Nous n’aurions pas, selon vous, à nous inquiéter au sujet du TTIP, du moins pour l’instant. L’interprofession de la viande s’est prononcée sur la question. L’étiquetage peut être un outil important mais le fait de refuser des viandes des États-Unis avec OGM et issues de fermes-usines doit nous obliger à nous appliquer ces mêmes contraintes : il me semble important de prévoir un étiquetage pour les plats contenant éventuellement des OGM.

Mme Isabelle Le Callennec. La possibilité pour les OP de déroger aux règles de la concurrence et maîtriser leur production existe depuis des mois ; pourquoi n’a-t-on pas utilisé les articles en question plus tôt ?

Vous avez certes obtenu un doublement des plafonds de stockage, mais j’ai cru comprendre que la France n’utilisait pas beaucoup ce levier. Je me demande pourquoi.

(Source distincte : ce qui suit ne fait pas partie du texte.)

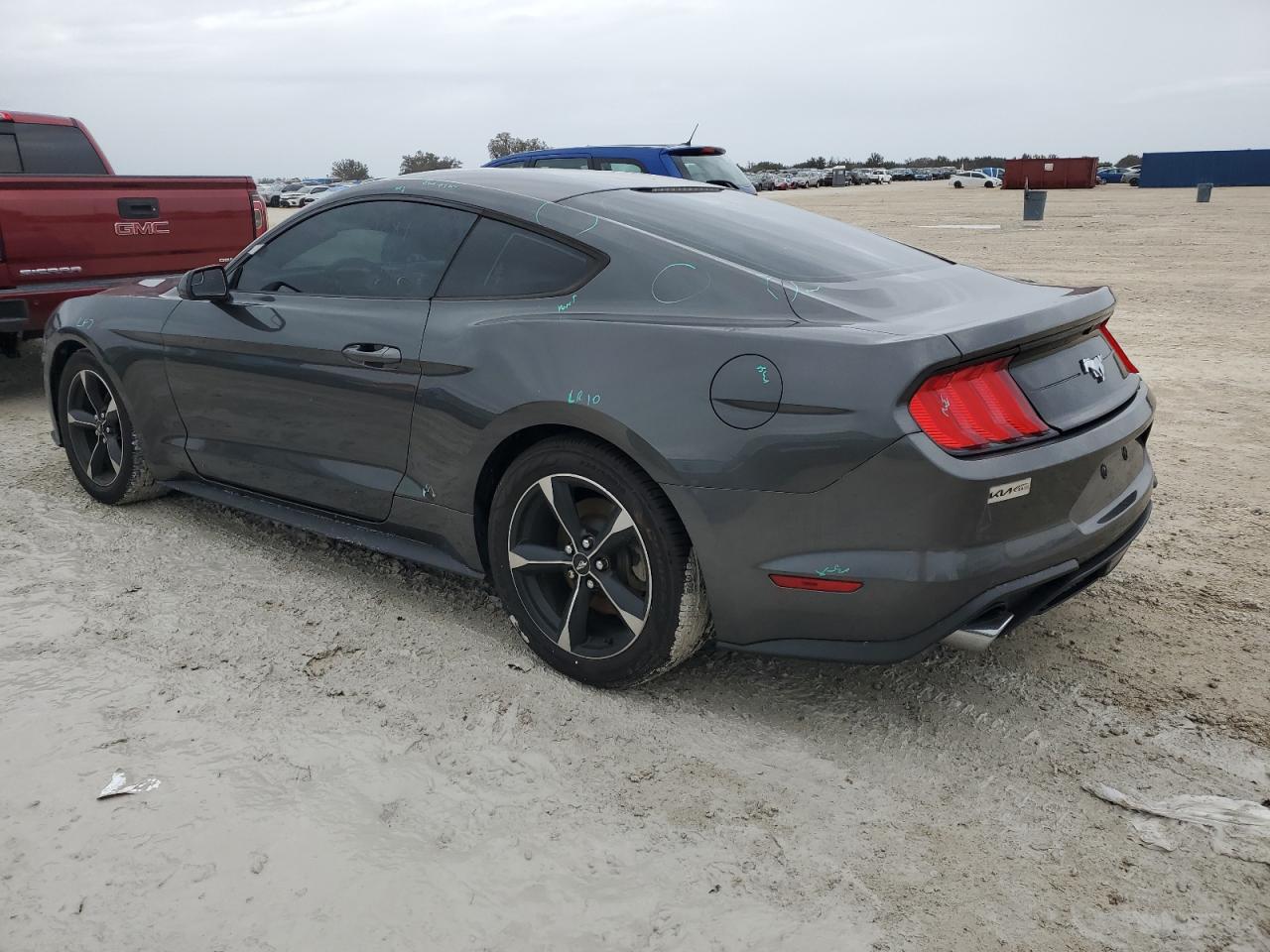 1FA6P8TH1J5107185 2018 FORD MUSTANG - Image 2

La limitation temporaire de la production de lait sera, semble-t-il, une prérogative des États. Vous indiquez que vous allez demander à nos partenaires européens de se pencher sur la question, mais il faudra d’abord négocier avec nos coopératives et nos entreprises privées. Comment vous y prendrez-vous ?

Qu’attendez-vous de la mise en place d’un observatoire du marché de la viande ? Ce n’est pas cela qui agira sur les prix.

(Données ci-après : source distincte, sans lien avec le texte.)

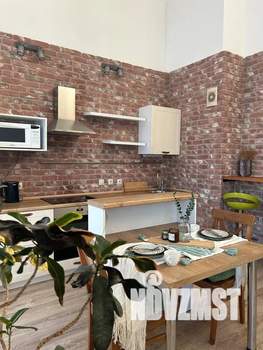 2-к квартира, посуточно, 55м2, 3/3 этаж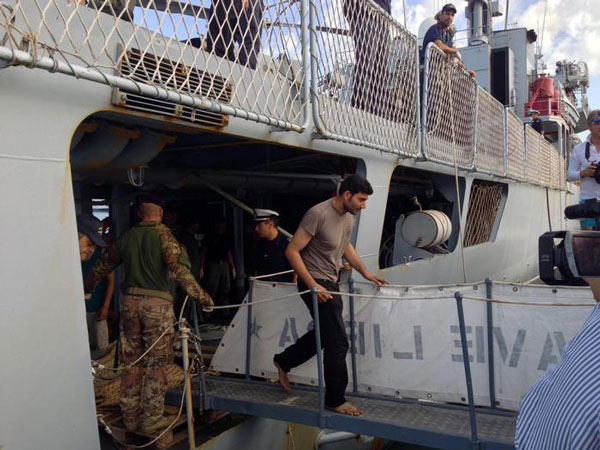 Arrivata a Crotone nave con 695 migranti a bordo, sei minori e due donne incinte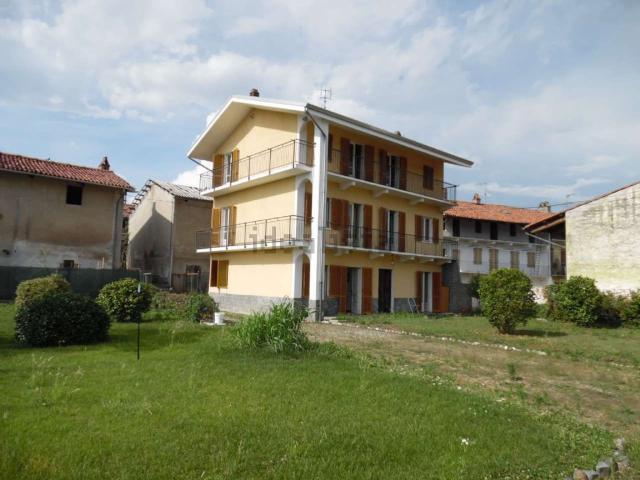 Villetta indipendente in vendita di 225 m² in Via Dora Baltea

Vous dites être satisfait de l’avancée sur les aides de minimis, mais le plafond a été relevé à seulement 15 000 euros alors que vous demandiez 30 000 euros.

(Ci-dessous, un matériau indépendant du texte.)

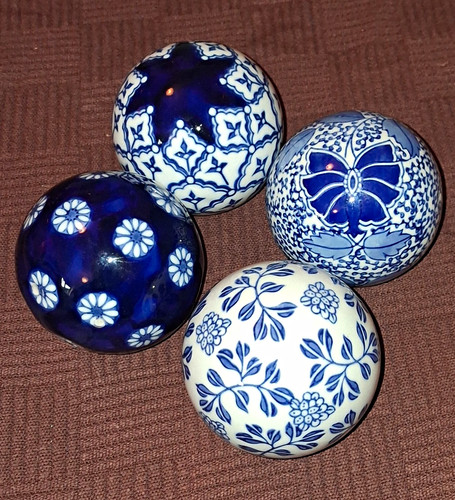 Vintage ceramic carpet balls - vintage,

Il y a certes un accord de principe sur l’étiquetage, mais quand le décret sortira-t-il ?

Enfin, j’ai la liste de toutes les sur-transpositions de normes. Vous affirmez que vous n’avez pas, personnellement, sur-transposé, mais qu’attendez-vous pour « détransposer » ? Pourquoi ne reviendrions-nous pas sur un certain nombre de transpositions ?

M. Joaquim Pueyo. Vous êtes, monsieur le ministre, durement attaqué depuis quelques mois au sujet de la crise agricole. Je constate cependant que vous avez formulé des propositions dans un mémorandum soumis à la Commission européenne et que celle-ci en a repris certaines. Sans même revenir sur l’article 222, je considère que vous avez fait plus que correctement votre travail.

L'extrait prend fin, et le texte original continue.